Больше вопросов Корсаков не задавал. А вот существо внутри его буквально рычало от восторга. Владимир попытался заглушить его, насколько это возможно.
Спустя еще минуту Франческа вывела их к массивной дубовой двери. Девушка прислушалась, а затем приложила палец к губам. Троица приникла к темной нише у стены. Вскоре и до слуха Корсакова донеслись голоса из-за двери. Говорили они на итальянском, один – чисто, второй – с узнаваемым французским акцентом.
– Я не знаю, чего вы еще от меня хотите, – сказал первый.
– Посмотреть еще раз, – ответил француз. Вильбуа, несомненно. – Я не верю, что Корсаков заявился на маскарад с пустыми руками.
– Синьор, я могу сколько угодно изучать эти вещи, ответ будет тем же. Единственный артефакт среди них – это медальон. Но он просто защищает хозяина от одержимости. Да, возможно, нам стоит разобрать часы…
Корсаков сжал кулаки. И ему, и засевшему внутри духу сейчас очень хотелось ворваться в кордегардию и потребовать у Вильбуа реванша. Или просто убить его на месте с особой жестокостью. Но он понимал, что в открытом бою, скорее всего, проиграет, а любое порывистое решение поставит под угрозу Бонавита, которые вытащили его из плена. Первый голос, итальянца, будто почувствовав злобу Корсакова, продолжил:
– Но я не чувствую никаких эманаций. Скорее всего, это просто фамильная реликвия. Трость, безусловно, интересная. Вы же обратили внимание, что в ней скрыт клинок?
– Конечно, – ответил Вильбуа.
– Но на этом ее свойства кончаются.
– А перчатки? Они не слишком подходили к его костюму?
– Вещь изысканная. Не могу, правда, угадать, из какой кожи они сделаны… Но вновь повторяю, я не чувствую никаких признаков, что они являются артефактом. Какое бы средство ни использовал Корсаков для наложения проклятия, ни одна из этих вещей не помогала ему в этом. Рекомендую еще раз осмотреть зал. Возможно, он все-таки попытался избавиться от инкриминирующих улик прежде, чем вы его задержали. Я вам еще нужен?

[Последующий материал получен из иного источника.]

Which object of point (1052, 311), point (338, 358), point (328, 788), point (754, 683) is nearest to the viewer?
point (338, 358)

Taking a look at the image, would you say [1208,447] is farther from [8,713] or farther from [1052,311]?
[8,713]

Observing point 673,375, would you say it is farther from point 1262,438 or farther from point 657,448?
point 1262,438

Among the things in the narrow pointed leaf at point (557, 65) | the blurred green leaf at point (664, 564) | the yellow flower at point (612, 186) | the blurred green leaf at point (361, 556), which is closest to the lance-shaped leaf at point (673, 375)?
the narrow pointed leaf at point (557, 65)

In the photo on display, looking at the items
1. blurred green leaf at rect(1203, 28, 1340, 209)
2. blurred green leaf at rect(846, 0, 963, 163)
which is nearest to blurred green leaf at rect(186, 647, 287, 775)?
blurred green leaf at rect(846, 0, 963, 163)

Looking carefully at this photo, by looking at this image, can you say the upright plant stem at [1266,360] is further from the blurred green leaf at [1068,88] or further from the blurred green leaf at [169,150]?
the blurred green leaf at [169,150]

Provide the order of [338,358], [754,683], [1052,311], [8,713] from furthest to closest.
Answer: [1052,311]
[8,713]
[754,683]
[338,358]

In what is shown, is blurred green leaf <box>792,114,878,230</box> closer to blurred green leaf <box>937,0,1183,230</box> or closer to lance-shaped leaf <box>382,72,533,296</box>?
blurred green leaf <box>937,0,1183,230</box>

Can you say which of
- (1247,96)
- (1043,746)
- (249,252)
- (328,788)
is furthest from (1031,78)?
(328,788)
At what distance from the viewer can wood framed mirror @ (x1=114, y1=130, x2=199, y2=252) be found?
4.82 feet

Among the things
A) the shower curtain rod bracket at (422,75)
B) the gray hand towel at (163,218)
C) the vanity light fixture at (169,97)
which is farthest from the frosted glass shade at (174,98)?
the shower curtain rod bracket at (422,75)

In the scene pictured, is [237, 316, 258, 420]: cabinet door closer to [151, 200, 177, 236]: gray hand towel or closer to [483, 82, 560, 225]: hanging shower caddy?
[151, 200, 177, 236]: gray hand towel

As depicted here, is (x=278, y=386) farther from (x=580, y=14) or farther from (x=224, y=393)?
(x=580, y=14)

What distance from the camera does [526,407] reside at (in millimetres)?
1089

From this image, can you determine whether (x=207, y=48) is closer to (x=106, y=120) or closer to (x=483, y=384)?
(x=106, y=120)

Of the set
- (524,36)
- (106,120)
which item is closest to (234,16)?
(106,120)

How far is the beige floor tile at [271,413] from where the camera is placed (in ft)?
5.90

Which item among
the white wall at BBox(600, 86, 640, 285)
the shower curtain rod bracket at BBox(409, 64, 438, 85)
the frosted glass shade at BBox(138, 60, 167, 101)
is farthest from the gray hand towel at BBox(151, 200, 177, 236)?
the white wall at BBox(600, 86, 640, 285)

Дверь распахнулась, глухо врезавшись в стену. Из кордегардии буквально вылетел Вильбуа. Даже в полутьме коридора Владимир видел, что француз чуть ли не дрожит от бессильной злобы.
«Он уязвим. Он не замечает ничего вокруг».
Вильбуа широким шагом миновал нишу, не заметив спрятавшихся в ней людей.
«Надо напасть сейчас. Со спины. Отомстить за унижение. Это логичный ход. Вильбуа ведь не отстанет и будет охотиться за мной до конца. Лучше избавиться от него сейчас!»
Владимир закрыл глаза и задержал дыхание. Эти мысли чужие. Они не принадлежат ему. Их нельзя слушать. Они должны замолчать…
Вновь раздались шаги. Итальянец, осматривавший его вещи, шаркающей походкой вышел в коридор. Это оказался сухонький старичок в пенсне и поношенном костюме, фигура которого показалась Владимиру знакомой. Видимо, он заметил его на маскараде. Старичок меж тем посмотрел вслед французу, растерянно пожал плечами и направился в противоположную сторону.
– Сейчас или никогда, Корсаков, – шепнула Франческа и первой скользнула за дверь.
Когда-то кордегардия служила для размещения личной стражи рода Лореданов. Ее внутреннее убранство так и осталось аскетичным – никуда не делись даже почерневшие пятна на стенах, там, где раньше чадили факелы. А вот предназначение комнаты изменилось полностью.
Вдоль стен стояли застекленные шкафы и железные шкафы-решетки, в которых хранились предметы, заключенные в индивидуальные футляры. Корсакову бросились в глаза окровавленный канделябр, явно проломивший чей-то знатный череп когда-то давно, и серебряная шкатулка, покрытая копотью и зашитая красным восковым шнуром. На центральном постаменте покоилась узкая цилиндрическая капсула с символами на древнеарамейском – внутри клубился сгусток тьмы, который слабо светился изнутри, как уголек, упрямо не желающий потухнуть. Рядом на стене висел кинжал из обсидиана с гравировкой на латыни: «Принадлежал одному из Троих, отвергших имя Господа». Но большую часть комнаты занимали запечатанные сургучовыми печатями свитки.
– Пророчества, – тихо пояснила Франческа.
– Ах да, он же их коллекционирует, – вспомнил Владимир.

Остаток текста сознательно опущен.